The City of Fort Valley was originally chartered in 1853, and new charters were enacted in 1856, 1873 and 1883. In 1890, the 1883 charter was amended to create the Board of Commissioners of Water and Sewers with full power to make all contracts necessary to employ labor for the construction of and proper keeping of the water works and sewers, and in every respect to have full and entire control of the construction and management of said works. They shall fix water rates to all persons using water from the water-works, and collect the same, pay the necessary expenses of the water, and any surplus remaining in their hands they shall pay into the treasury of the town and take proper receipt therefore, at such times annually as the mayor and council may request them to do so. (Ga. L. 1890, p. 644).
The present city charter was enacted in 1907 (Ga. L. 1907, p. 651). Section 28 of the charter as originally enacted provided that the mayor and council shall have full power and authority to establish and maintain a system of water-works and sanitary sewage . . . and also a system of telephones and electric lights for said city and granted to mayor and council full police powers over the system. They were also given full power and authority to fix the price and regulate the terms covering the payment of same on all water rents, electric light dues, sewage connections and telephone charges within said city. The 1907 charter did not mention the board of water and sewers, but the board continued to exist without interruption.

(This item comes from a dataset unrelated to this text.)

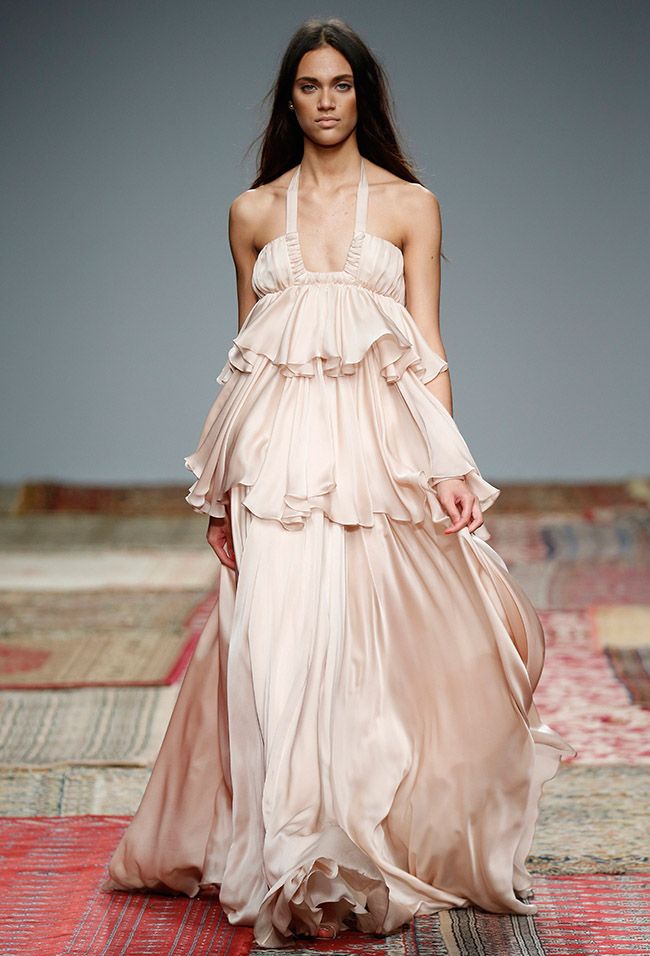 a young woman is on the runway, walking towards the camera. she is wearing a long, tiered, pale pink gown with ruffled detailing. her hair is long and dark, and she is looking forward with a serene expression.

In 1909, the 1907 charter was amended to create a Board of Water and Light Commissioners with the same powers, duties and rights as the board of water and sewers under the 1890 charter provisions (Ga. L. 1909, p. 900).

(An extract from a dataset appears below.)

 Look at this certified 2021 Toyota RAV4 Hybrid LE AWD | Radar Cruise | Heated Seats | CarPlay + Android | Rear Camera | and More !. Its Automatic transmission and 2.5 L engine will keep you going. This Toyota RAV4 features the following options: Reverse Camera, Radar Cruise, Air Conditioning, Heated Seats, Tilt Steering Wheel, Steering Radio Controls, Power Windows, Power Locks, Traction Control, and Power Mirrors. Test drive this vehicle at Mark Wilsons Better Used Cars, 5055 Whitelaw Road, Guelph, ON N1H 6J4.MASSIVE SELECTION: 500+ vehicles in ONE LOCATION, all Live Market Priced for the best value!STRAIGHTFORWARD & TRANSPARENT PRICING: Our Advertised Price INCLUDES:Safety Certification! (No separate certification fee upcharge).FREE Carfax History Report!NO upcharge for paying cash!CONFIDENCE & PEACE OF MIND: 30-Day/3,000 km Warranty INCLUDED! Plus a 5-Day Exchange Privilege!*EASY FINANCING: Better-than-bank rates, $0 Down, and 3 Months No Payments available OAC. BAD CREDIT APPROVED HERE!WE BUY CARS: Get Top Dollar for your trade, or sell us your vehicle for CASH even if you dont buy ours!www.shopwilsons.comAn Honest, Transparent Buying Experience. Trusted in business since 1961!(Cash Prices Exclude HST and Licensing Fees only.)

The incumbent commissioners of water and sewers were designated as members of the new board, with specific provisions for future elections to four-year terms on a staggered basis. The powers of the new commission were extended to include the lighting plant and the entire subject and business of the city in furnishing lights for the streets and for private use. (Id.)

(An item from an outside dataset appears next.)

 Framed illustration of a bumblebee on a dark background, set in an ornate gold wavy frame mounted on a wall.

In 1945, the municipal charter was amended to provide that the mayor and council, with the approval of the water and light commissioners, may use, expend or invest revenue derived from the operation of utilities . . . for any cause or purpose in promotion of the common welfare of said city or its citizens, subject to the requirement that a majority of each body shall agree to such use and the amount to be used in each instance (Ga. L. 1945, p. 885). This amendment also contained a provision that neither the city nor either of these bodies may sell, lease or otherwise dispose of its electrical distribution system or its water pumping, water storing or water distribution system, or grant any franchise, privilege or right to sell or distribute electric current . . . or grant any franchise to pump, store or distribute water . . . unless and until not less than 75% of the qualified voters of said city vote in favor of such sale, lease or other disposition of said public facilities at an election called for that purpose. (Id.)
In 1953, the board was renamed the Utility Commission and given the same powers duties and rights as the prior boards as to all public utilities including sewers, water, lights, electricity, natural gas and any other utility that the City of Fort Valley may engage in lawfully in any manner whatsoever (Ga. L. 1953, Nov.-Dec. Sess., p. 2817). In 2021, the membership of the Board of the Utility Commission was expanded to include two members appointed by the Peach County Board of Commissioners and one member appointed by the Crawford County Board of Commissioners.
In 1999, the charter was amended under Home Rule provisions to provide full power and authority to own and operate a telecommunications systems network. .
This includes power to serve consumers within and outside the corporate limits of the city.
Under the specific provisions of the charter, the Utility Commission has full and entire control of the construction and management of all public utilities furnished by the city and the rates charged. The Utility Commission has contributed millions of dollars to the city general government over the years.